> _Task requirements_
This exercise calls for the data below to be retyped exactly, minus any images.

[Stored data entries]
>>

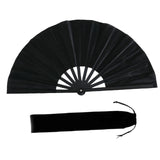 Maxbell Folding Fan Decorative Boots on The Ground Fan for Festival Carnival Black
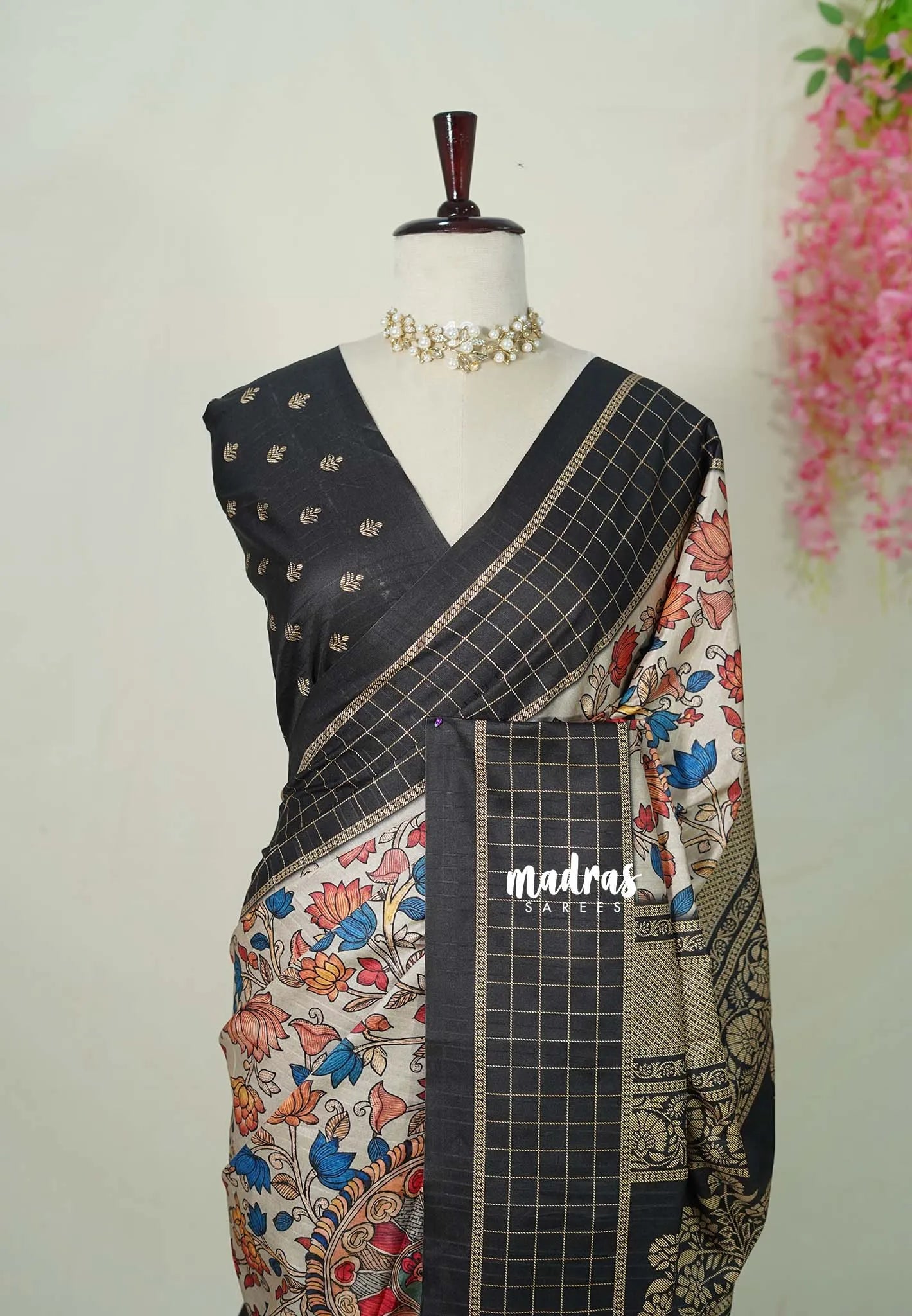 Ivory with Black border - Yamini Paper Silk Cotton Saree with Kalamkari Prints Black Checks Border - Best for Casual Wear | Office | college wear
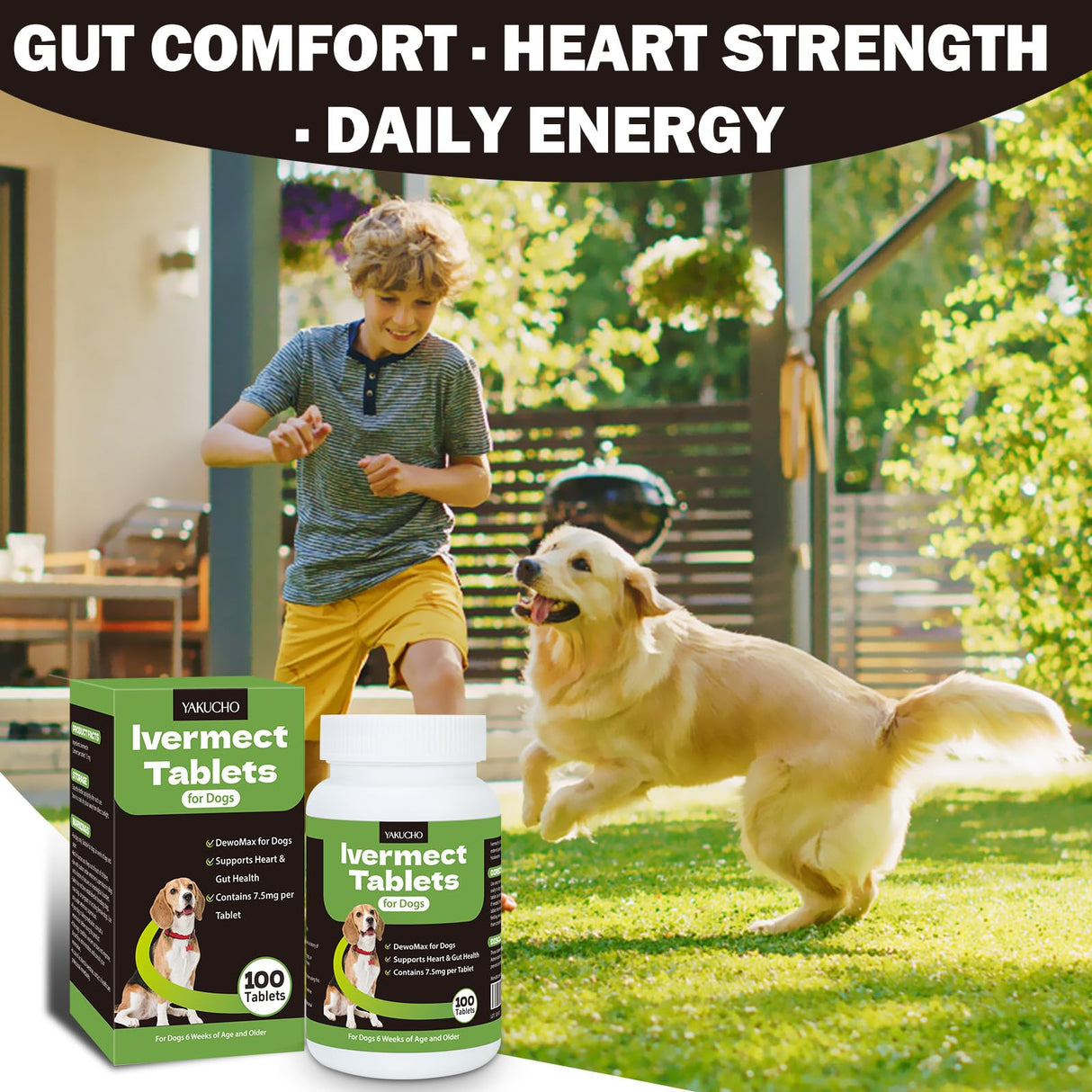 lvermect Tablets for Dogs, 99% Purity for Gut Health Detox, Promotes Immune & Digestive Support - 7.5mg(100 Tablets)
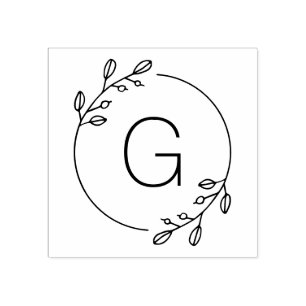 Eenvoudig monogram op basis van baard 	rubberstempel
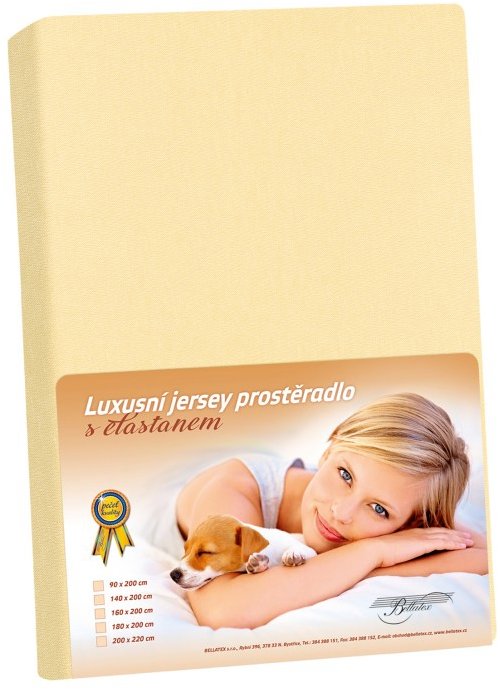 BELLATEX KL1 Jersey s elastanom 90 × 200 cm 304 vanilková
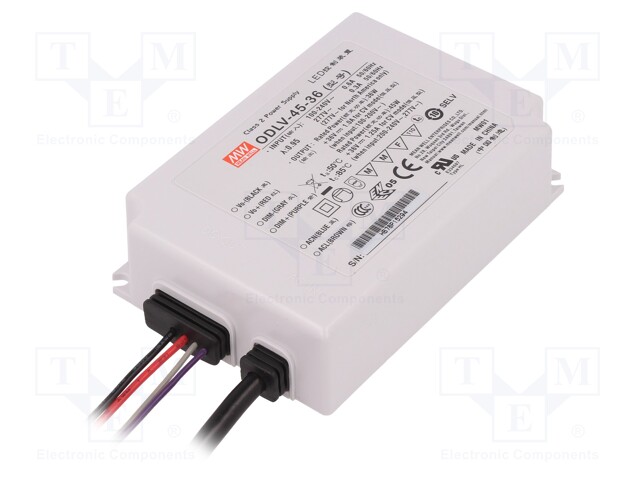 Power supply: switched-mode; LED; 45W; 36VDC; 1.25A; 90÷295VAC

<<

> _Solved exercise_
 Maxbell Folding Fan Decorative Boots on The Ground Fan for Festival Carnival Black
 Ivory with Black border - Yamini Paper Silk Cotton Saree with Kalamkari Prints Black Checks Border - Best for Casual Wear | Office | college wear
 lvermect Tablets for Dogs, 99% Purity for Gut Health Detox, Promotes Immune & Digestive Support - 7.5mg(100 Tablets)
 Eenvoudig monogram op basis van baard 	rubberstempel
 BELLATEX KL1 Jersey s elastanom 90 × 200 cm 304 vanilková
 Power supply: switched-mode; LED; 45W; 36VDC; 1.25A; 90÷295VAC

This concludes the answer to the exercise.